Abstract
Bile salts exhibit potent antibacterial properties, acting as detergents to disrupt cell membranes and as DNA-damaging agents. Although bacteria inhabiting the intestinal tract are able to resist bile’s antimicrobial effects, relatively little is known about how bile influences virulence of enteric pathogens. Escherichia coli O157:H7 is an important pathogen of humans, capable of causing severe diarrhea and more serious sequelae. In this study, the transcriptome response of E. coli O157:H7 to bile was determined. Bile exposure induced significant changes in mRNA levels of genes related to virulence potential, including a reduction of mRNA for the 41 genes making up the locus of enterocyte effacement (LEE) pathogenicity island. Bile treatment had an unusual effect on mRNA levels for the entire flagella-chemotaxis regulon, resulting in two- to four-fold increases in mRNA levels for genes associated with the flagella hook-basal body structure, but a two-fold decrease for “late” flagella genes associated with the flagella filament, stator motor, and chemotaxis. Bile salts also caused increased mRNA levels for seventeen genes associated with iron scavenging and metabolism, and counteracted the inhibitory effect of the iron chelating agent 2,2’-dipyridyl on growth of E. coli O157:H7. These findings suggest that E. coli O157:H7 may use bile as an environmental signal to adapt to changing conditions associated with the small intestine, including adaptation to an iron-scarce environment.
Highlights
Bacteria must resist the antimicrobial properties of bile in order to survive in the small intestine [1]
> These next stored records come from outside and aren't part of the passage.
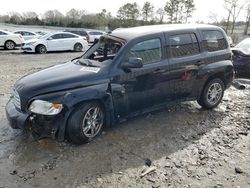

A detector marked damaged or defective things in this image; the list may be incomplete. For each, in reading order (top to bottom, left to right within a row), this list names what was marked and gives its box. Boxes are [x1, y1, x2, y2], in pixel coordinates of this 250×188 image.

damaged front bumper [5, 98, 64, 140]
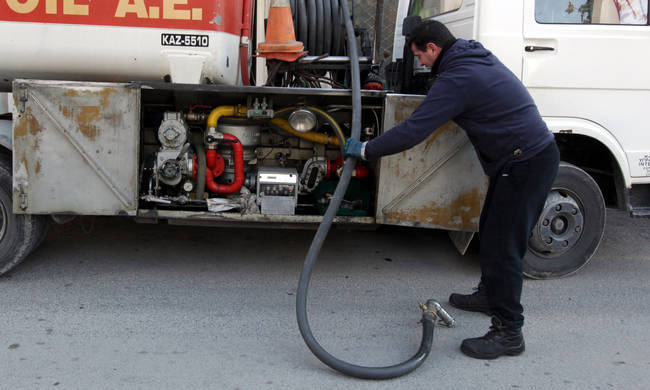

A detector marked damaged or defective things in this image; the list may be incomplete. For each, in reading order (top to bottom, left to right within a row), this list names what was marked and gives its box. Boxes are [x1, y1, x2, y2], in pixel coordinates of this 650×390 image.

rusty metal panel [11, 80, 138, 215]
rusty metal panel [374, 94, 486, 232]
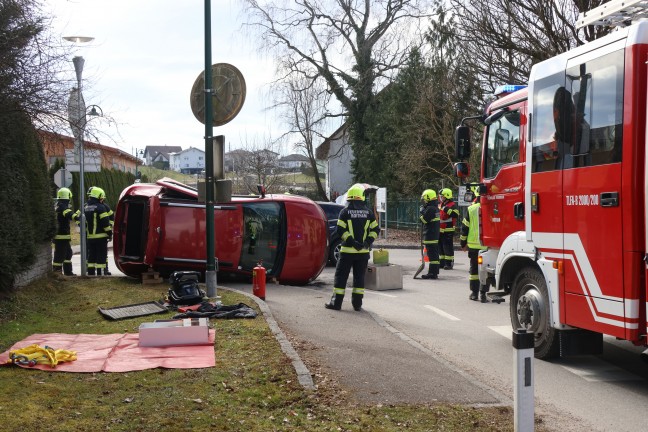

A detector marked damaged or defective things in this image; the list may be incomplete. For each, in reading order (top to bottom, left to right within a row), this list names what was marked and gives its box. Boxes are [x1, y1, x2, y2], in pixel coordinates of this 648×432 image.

overturned red car [112, 177, 332, 286]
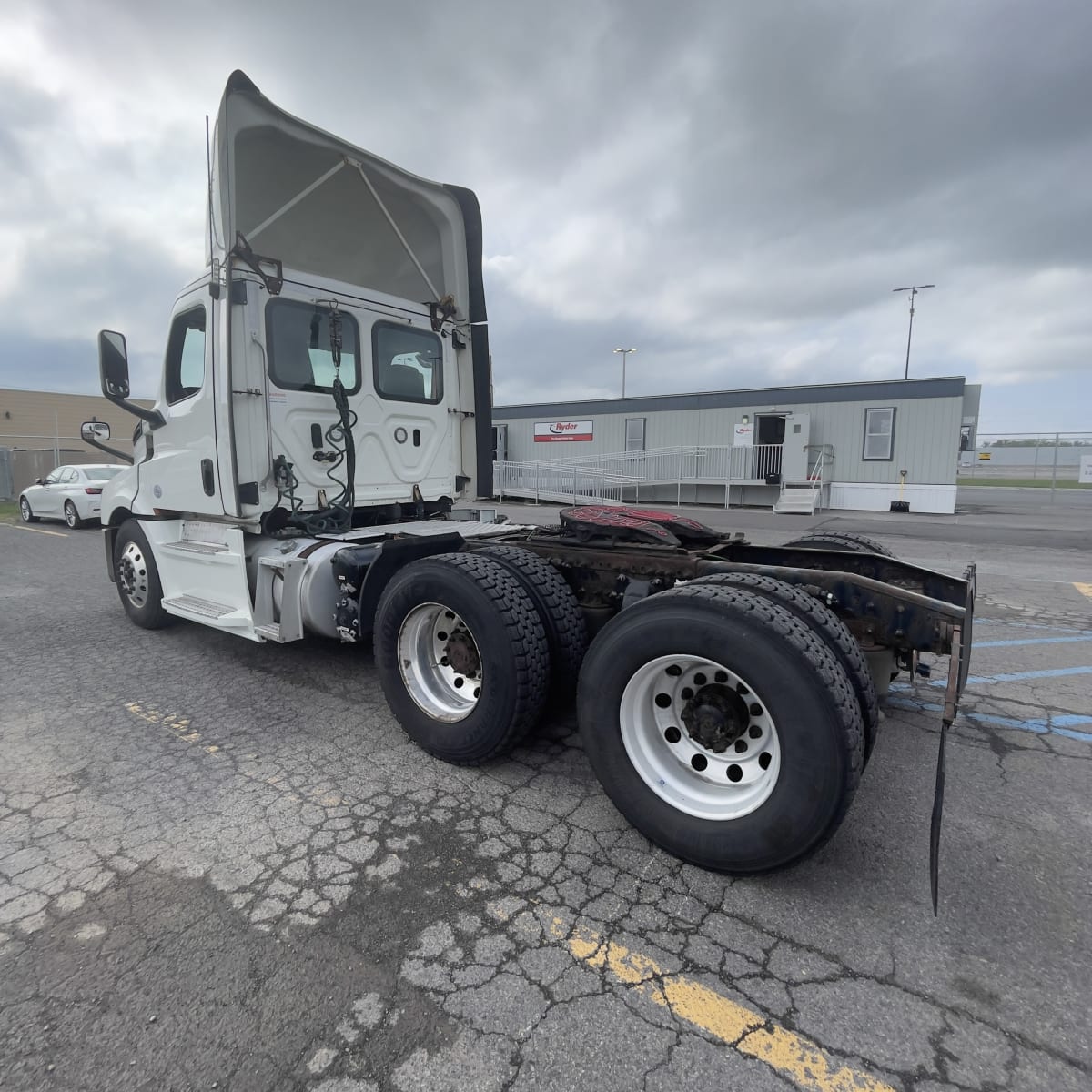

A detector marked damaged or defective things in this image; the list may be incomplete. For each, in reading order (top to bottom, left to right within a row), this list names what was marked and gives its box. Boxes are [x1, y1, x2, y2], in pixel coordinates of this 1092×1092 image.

cracked pavement [0, 513, 1087, 1092]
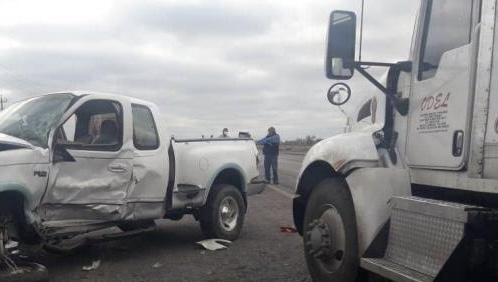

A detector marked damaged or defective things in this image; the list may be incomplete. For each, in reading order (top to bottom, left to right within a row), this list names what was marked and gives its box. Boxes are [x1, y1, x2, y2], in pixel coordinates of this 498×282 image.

crushed truck door [39, 98, 133, 224]
damaged vehicle [0, 92, 264, 278]
crushed truck door [408, 0, 478, 170]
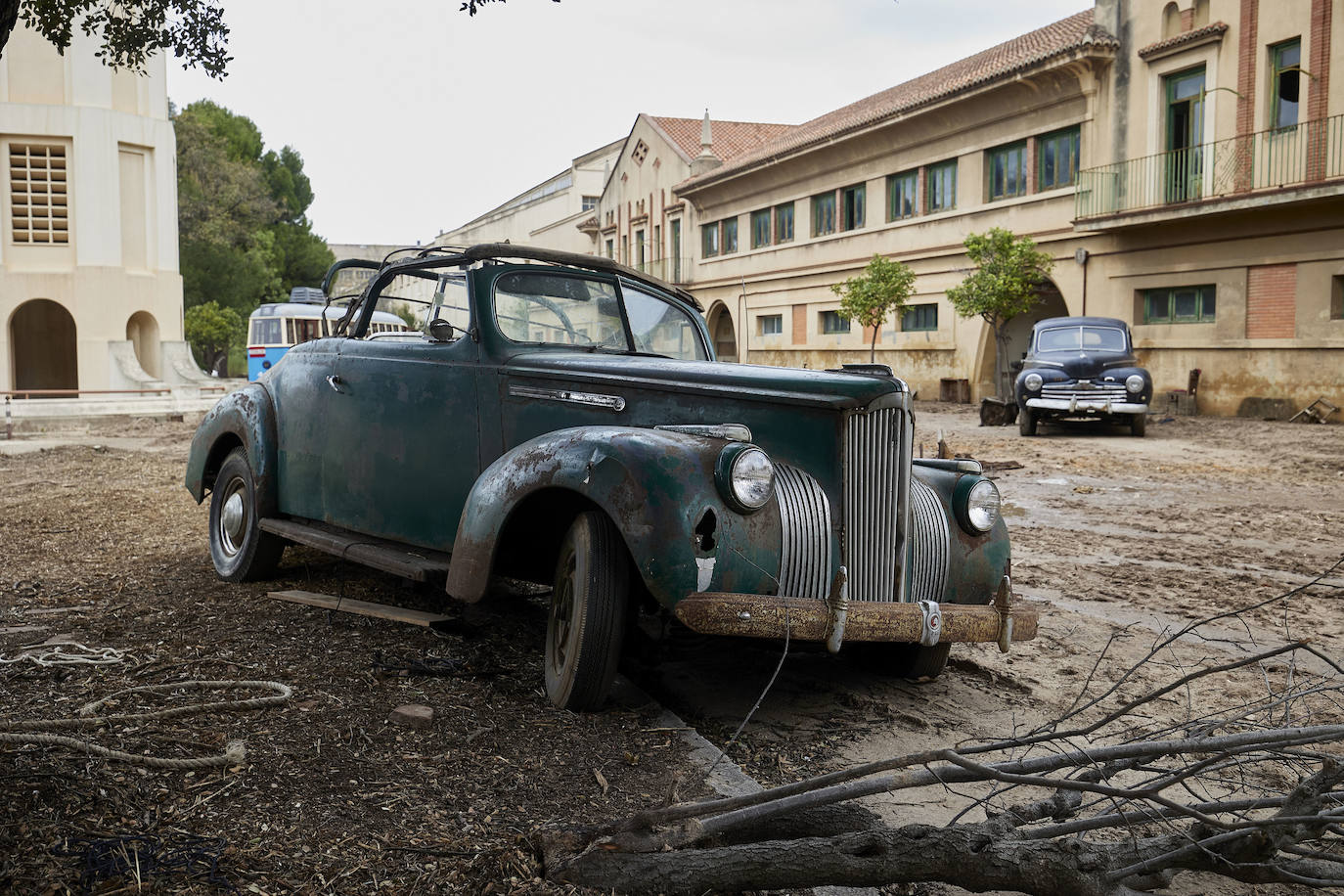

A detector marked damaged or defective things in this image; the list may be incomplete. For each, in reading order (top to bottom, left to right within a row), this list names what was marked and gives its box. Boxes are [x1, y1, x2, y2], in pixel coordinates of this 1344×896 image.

rusty car hood [497, 351, 903, 411]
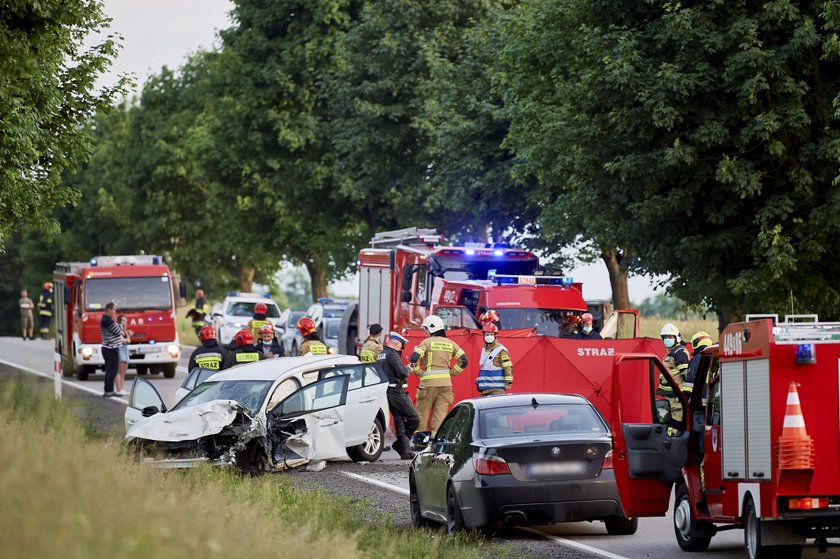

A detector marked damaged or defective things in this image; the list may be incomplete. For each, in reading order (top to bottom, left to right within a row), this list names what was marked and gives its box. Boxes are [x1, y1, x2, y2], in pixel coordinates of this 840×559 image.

crumpled car hood [126, 400, 254, 444]
damaged white car [124, 354, 390, 472]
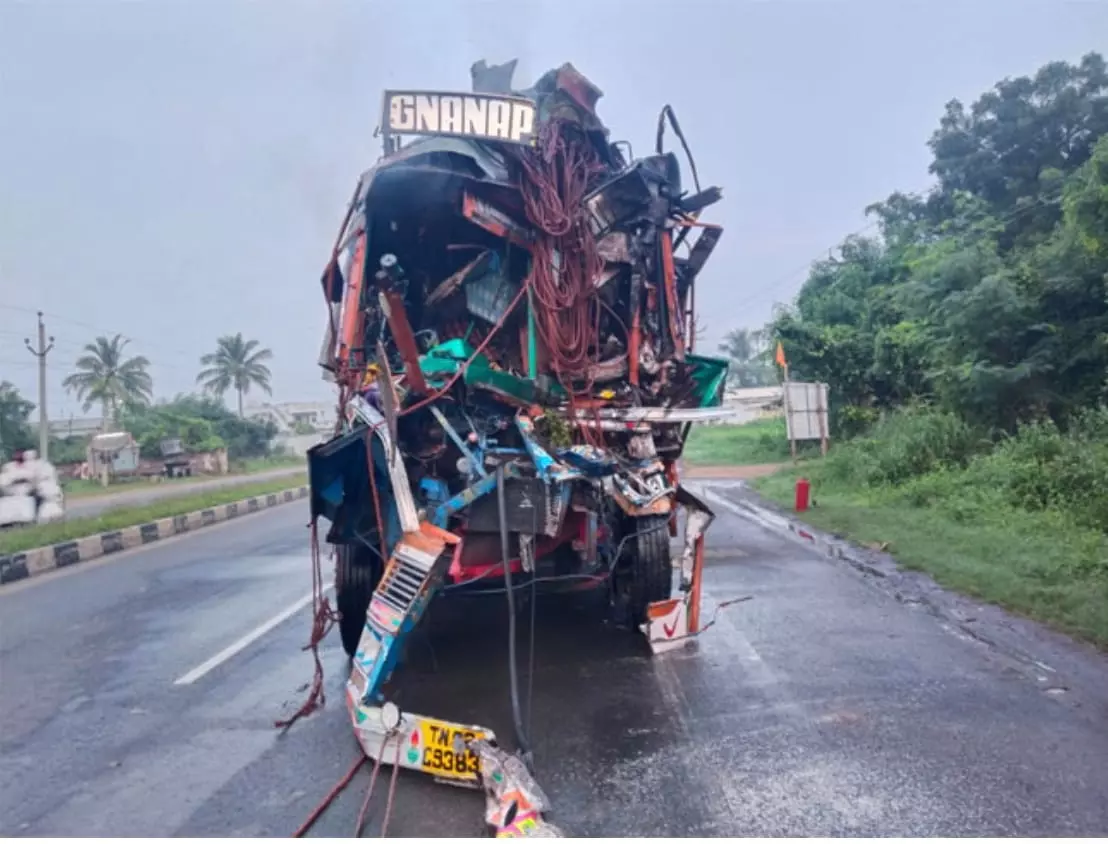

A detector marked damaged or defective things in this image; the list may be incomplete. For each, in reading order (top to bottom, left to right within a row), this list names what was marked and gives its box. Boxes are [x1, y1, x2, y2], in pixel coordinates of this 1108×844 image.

wrecked lorry [303, 59, 731, 788]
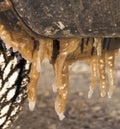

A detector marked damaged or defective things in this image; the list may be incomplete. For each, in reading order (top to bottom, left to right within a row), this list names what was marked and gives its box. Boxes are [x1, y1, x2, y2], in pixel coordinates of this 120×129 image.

rusty metal surface [10, 0, 120, 37]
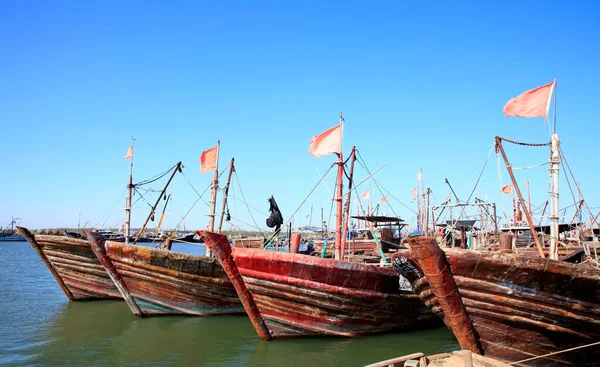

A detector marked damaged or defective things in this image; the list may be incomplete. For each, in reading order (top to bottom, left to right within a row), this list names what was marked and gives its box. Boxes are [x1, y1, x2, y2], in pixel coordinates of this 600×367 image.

rust streak on hull [17, 227, 120, 302]
rusty boat hull [19, 227, 122, 302]
rusty boat hull [97, 242, 243, 316]
rusty boat hull [199, 231, 438, 340]
rusty boat hull [394, 239, 600, 367]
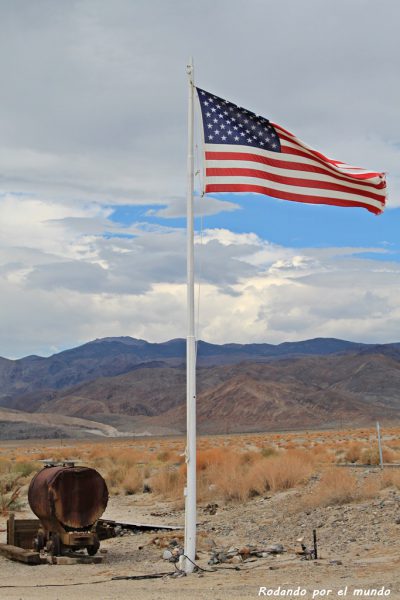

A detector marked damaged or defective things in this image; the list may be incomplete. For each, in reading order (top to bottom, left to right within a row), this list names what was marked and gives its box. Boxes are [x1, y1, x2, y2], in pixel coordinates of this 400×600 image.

rusty metal tank [27, 464, 109, 536]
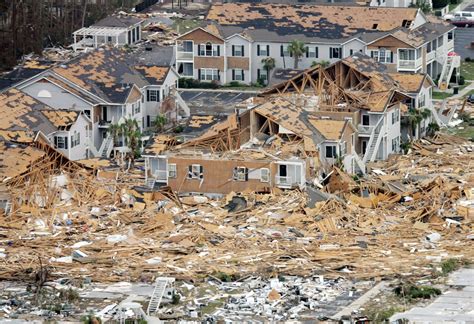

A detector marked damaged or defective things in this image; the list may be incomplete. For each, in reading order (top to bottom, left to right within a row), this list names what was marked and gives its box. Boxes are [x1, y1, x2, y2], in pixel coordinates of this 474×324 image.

damaged apartment complex [176, 3, 458, 84]
damaged apartment complex [143, 54, 434, 194]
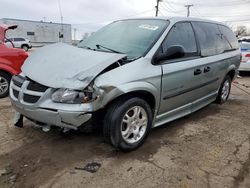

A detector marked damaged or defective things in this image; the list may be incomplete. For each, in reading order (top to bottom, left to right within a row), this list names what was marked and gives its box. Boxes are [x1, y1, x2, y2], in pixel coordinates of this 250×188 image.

crumpled hood [21, 42, 126, 89]
broken headlight [51, 88, 95, 104]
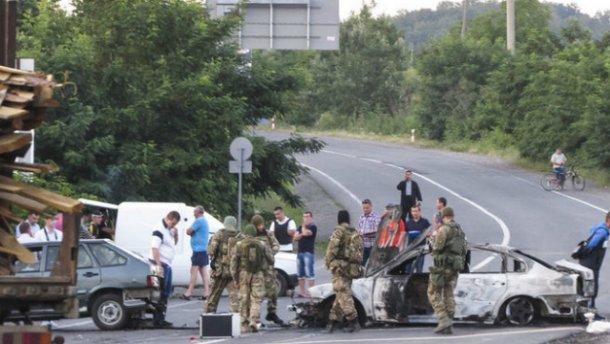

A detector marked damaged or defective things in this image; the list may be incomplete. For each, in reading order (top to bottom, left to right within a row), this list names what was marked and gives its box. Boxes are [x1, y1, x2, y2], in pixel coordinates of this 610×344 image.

burned car [292, 208, 592, 326]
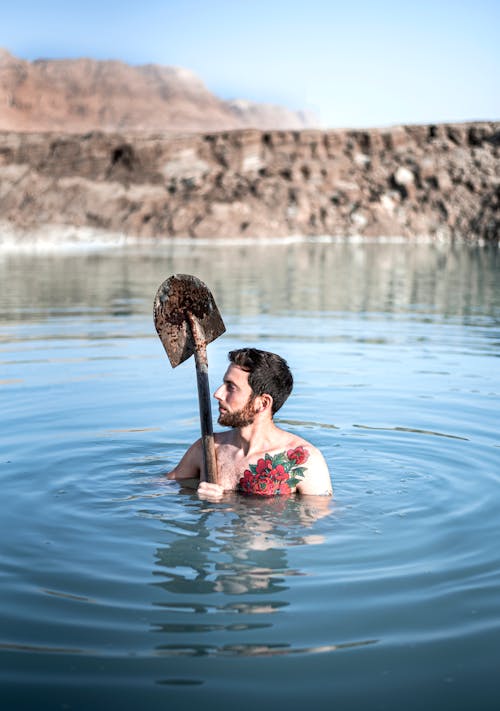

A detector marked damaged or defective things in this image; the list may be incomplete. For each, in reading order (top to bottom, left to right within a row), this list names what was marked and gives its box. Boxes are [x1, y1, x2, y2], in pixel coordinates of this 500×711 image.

rusty shovel [153, 276, 226, 486]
We describe an O157:H7 transcriptome associated with bile and how bile may be affecting the virulence properties of the bacteria prior to intestinal colonization
A human-associated strain of O157:H7 was grown for three hours in the presence or absence of 0.8% bile salts
Summary
Bacteria must resist the antimicrobial properties of bile in order to survive in the small intestine [1]. Bile salts act as a biological detergent that aids in digestion through emulsification of fatty foods. These detergent properties allow bile to disrupt the membranes of bacteria. Bile salts act as DNAdamaging agents [2] and can cause oxidative stress [3]. Bacteria that have adapted to life in the intestine have developed mechanisms of resistance to bile, including modified membrane structures that reduce bile permeability, and efflux pumps that are able to transport bile out of the cell [1]. Bile has been proposed to be a signal to enteric pathogens of having entered the small intestine and for the regulated expression of virulence [4].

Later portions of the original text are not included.